* [WHAT IS BEING ASKED]
The data beneath this task is to be duplicated exactly, in its entirety.

++++ SOURCE MATERIAL

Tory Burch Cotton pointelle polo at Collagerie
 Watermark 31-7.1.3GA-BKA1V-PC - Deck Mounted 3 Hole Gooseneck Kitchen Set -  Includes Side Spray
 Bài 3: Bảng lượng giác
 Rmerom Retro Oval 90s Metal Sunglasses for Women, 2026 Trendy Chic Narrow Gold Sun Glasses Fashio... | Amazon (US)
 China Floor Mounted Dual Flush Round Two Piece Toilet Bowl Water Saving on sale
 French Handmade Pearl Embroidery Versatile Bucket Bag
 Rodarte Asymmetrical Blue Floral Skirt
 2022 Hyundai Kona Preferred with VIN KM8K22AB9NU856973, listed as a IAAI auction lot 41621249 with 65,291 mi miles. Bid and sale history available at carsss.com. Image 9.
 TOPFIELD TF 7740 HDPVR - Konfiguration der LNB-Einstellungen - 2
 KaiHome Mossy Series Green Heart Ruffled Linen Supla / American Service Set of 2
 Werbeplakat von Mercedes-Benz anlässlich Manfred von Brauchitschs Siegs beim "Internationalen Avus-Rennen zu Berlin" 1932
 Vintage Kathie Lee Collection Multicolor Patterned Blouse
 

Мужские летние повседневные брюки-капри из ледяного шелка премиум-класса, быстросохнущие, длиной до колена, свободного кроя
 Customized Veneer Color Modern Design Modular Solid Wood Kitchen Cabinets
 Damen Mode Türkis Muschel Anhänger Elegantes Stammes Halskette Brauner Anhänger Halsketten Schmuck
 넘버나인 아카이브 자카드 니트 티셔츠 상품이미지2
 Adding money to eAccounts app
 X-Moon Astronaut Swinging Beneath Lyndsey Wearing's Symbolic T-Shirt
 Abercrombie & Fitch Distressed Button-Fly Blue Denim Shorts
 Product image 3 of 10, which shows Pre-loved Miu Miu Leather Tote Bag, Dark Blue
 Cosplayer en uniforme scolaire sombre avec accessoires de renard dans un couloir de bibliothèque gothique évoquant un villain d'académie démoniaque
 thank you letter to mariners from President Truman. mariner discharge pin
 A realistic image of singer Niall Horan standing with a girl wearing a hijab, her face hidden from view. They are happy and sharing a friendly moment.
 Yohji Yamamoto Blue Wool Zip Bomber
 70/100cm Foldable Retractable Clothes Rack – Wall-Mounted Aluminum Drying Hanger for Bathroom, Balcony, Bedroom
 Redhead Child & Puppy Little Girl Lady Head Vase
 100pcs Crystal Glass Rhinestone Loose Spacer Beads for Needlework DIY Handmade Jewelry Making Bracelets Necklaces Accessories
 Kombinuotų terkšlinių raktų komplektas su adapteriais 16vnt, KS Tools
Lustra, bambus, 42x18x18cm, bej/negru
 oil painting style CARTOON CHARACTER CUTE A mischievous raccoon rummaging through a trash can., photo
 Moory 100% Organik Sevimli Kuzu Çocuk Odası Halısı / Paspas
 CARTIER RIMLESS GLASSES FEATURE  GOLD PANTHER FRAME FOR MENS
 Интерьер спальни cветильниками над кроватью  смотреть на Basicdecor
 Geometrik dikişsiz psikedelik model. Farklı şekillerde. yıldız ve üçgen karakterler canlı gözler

++++++++

* [EXPECTED ANSWER]
Tory Burch Cotton pointelle polo at Collagerie
 Watermark 31-7.1.3GA-BKA1V-PC - Deck Mounted 3 Hole Gooseneck Kitchen Set -  Includes Side Spray
 Bài 3: Bảng lượng giác
 Rmerom Retro Oval 90s Metal Sunglasses for Women, 2026 Trendy Chic Narrow Gold Sun Glasses Fashio... | Amazon (US)
 China Floor Mounted Dual Flush Round Two Piece Toilet Bowl Water Saving on sale
 French Handmade Pearl Embroidery Versatile Bucket Bag
 Rodarte Asymmetrical Blue Floral Skirt
 2022 Hyundai Kona Preferred with VIN KM8K22AB9NU856973, listed as a IAAI auction lot 41621249 with 65,291 mi miles. Bid and sale history available at carsss.com. Image 9.
 TOPFIELD TF 7740 HDPVR - Konfiguration der LNB-Einstellungen - 2
 KaiHome Mossy Series Green Heart Ruffled Linen Supla / American Service Set of 2
 Werbeplakat von Mercedes-Benz anlässlich Manfred von Brauchitschs Siegs beim "Internationalen Avus-Rennen zu Berlin" 1932
 Vintage Kathie Lee Collection Multicolor Patterned Blouse
 

Мужские летние повседневные брюки-капри из ледяного шелка премиум-класса, быстросохнущие, длиной до колена, свободного кроя
 Customized Veneer Color Modern Design Modular Solid Wood Kitchen Cabinets
 Damen Mode Türkis Muschel Anhänger Elegantes Stammes Halskette Brauner Anhänger Halsketten Schmuck
 넘버나인 아카이브 자카드 니트 티셔츠 상품이미지2
 Adding money to eAccounts app
 X-Moon Astronaut Swinging Beneath Lyndsey Wearing's Symbolic T-Shirt
 Abercrombie & Fitch Distressed Button-Fly Blue Denim Shorts
 Product image 3 of 10, which shows Pre-loved Miu Miu Leather Tote Bag, Dark Blue
 Cosplayer en uniforme scolaire sombre avec accessoires de renard dans un couloir de bibliothèque gothique évoquant un villain d'académie démoniaque
 thank you letter to mariners from President Truman. mariner discharge pin
 A realistic image of singer Niall Horan standing with a girl wearing a hijab, her face hidden from view. They are happy and sharing a friendly moment.
 Yohji Yamamoto Blue Wool Zip Bomber
 70/100cm Foldable Retractable Clothes Rack – Wall-Mounted Aluminum Drying Hanger for Bathroom, Balcony, Bedroom
 Redhead Child & Puppy Little Girl Lady Head Vase
 100pcs Crystal Glass Rhinestone Loose Spacer Beads for Needlework DIY Handmade Jewelry Making Bracelets Necklaces Accessories
 Kombinuotų terkšlinių raktų komplektas su adapteriais 16vnt, KS Tools
Lustra, bambus, 42x18x18cm, bej/negru
 oil painting style CARTOON CHARACTER CUTE A mischievous raccoon rummaging through a trash can., photo
 Moory 100% Organik Sevimli Kuzu Çocuk Odası Halısı / Paspas
 CARTIER RIMLESS GLASSES FEATURE  GOLD PANTHER FRAME FOR MENS
 Интерьер спальни cветильниками над кроватью  смотреть на Basicdecor
 Geometrik dikişsiz psikedelik model. Farklı şekillerde. yıldız ve üçgen karakterler canlı gözler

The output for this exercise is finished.